For years Markel Corp. has been the Houdini of Richmond-area businesses. By playing to a tricky and complicated niche market of insuring things as varied as oil tankers and surgeons' hands, the Henrico County-based specialty insurance company has defied recession. Its stock typically trades in the $300- to $400-per-share range.
Now the company has a new goal: to turn around troubled real estate projects, such as the mixed-use West Broad Village. Markel has acquired a 50-percent stake in E/Class Advisors, which bought into the Village project in late December and has been working to make it go. The company is now Markel/Eagle Management LLC, its president, Stan Manoogian, says.
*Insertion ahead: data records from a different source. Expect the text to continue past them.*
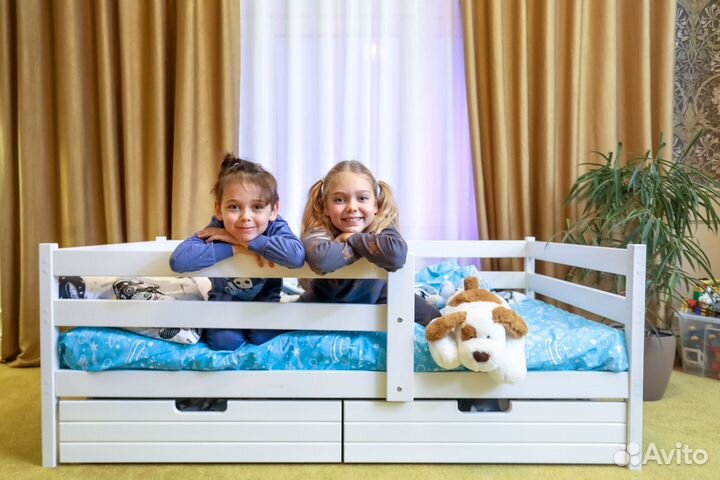 Детская кровать из массива дерева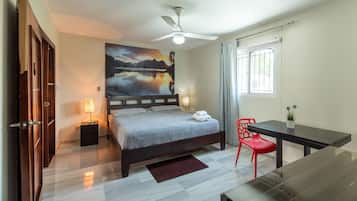 Royal Suite | Een minibar, een kluis op de kamer, een bureau, een laptopwerkplek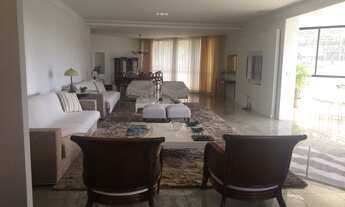 Imagem 5: Apartamento com quatro suítes, nascente, mobiliado, varanda, 4 vagas de garagem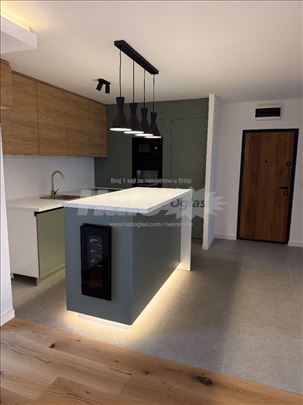 NOV- Lux - stan 79m2 - tri spavace sobe -Blok 61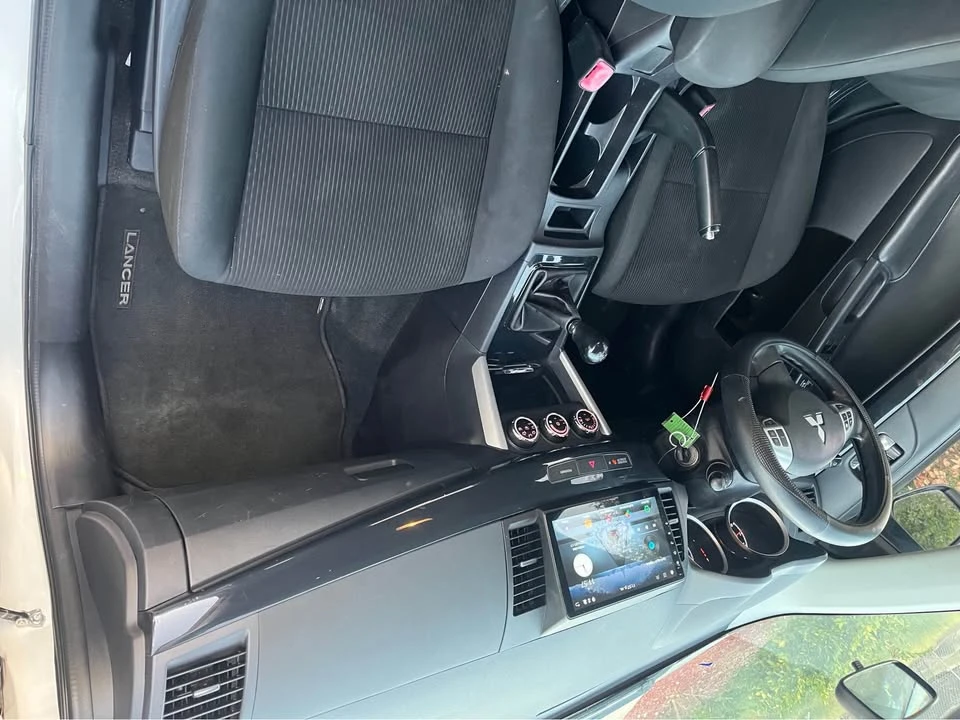 2017 Mitsubishi Lancer 10th Gen - Image 10 of 12
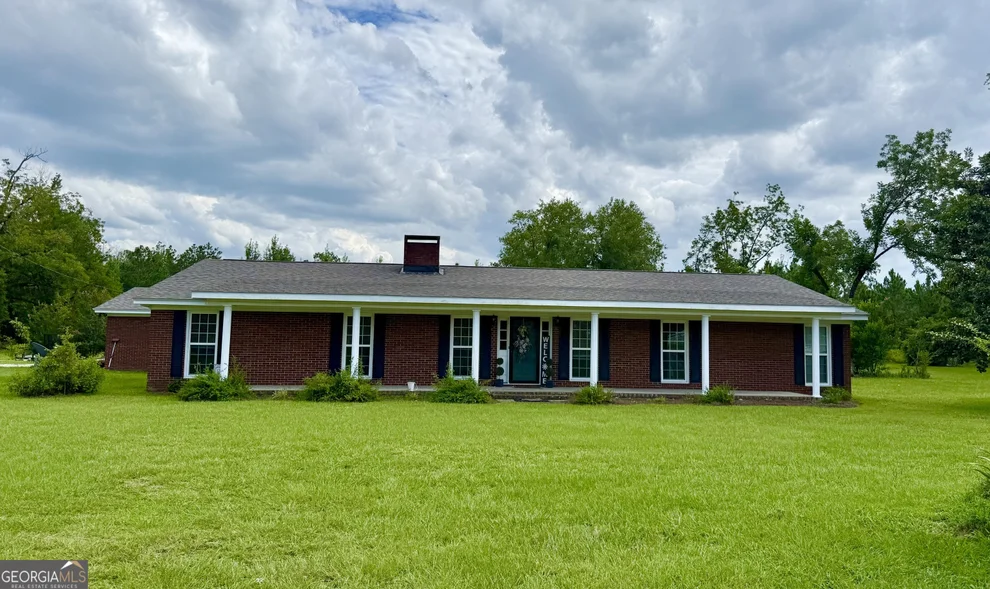 Unit for sale at 201 Burketts Ferry Road, Hazlehurst, GA 31539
The $300 million West Broad Village seemed to hit all the right notes when the development started — townhouses and 339 apartments next to trendy stores and restaurants such as Whole Foods Market, Dave & Busters' and Kona Grill. Its new-urbanist, pedestrian-friendly layout would contrast with the car-centric suburban sprawl that mars most of Short Pump.
But the project got hammered by the recession and management issues, resulting in millions of dollars in property liens, lost sales and unleased space. “We spent a whole year doing due diligence,” says Manoogian, who adds that he always thought the location and prospects were excellent.
Since buying in six months ago, E/Class Advisors has sold 75 condos and leased 132 apartments along with 85,000 square feet of commercial space. Now with Markel's expertise and deep pockets, Manoogian says, the project's recovery should accelerate.
The Markel venture is searching the mid-Atlantic for more real estate turnaround opportunities. When it comes to such projects, Manoogian says, Markel is positioning itself similar to Warren Buffet's Berkshire Hathaway, which specializes in acquiring promising but obscure gems and holding on for the long term.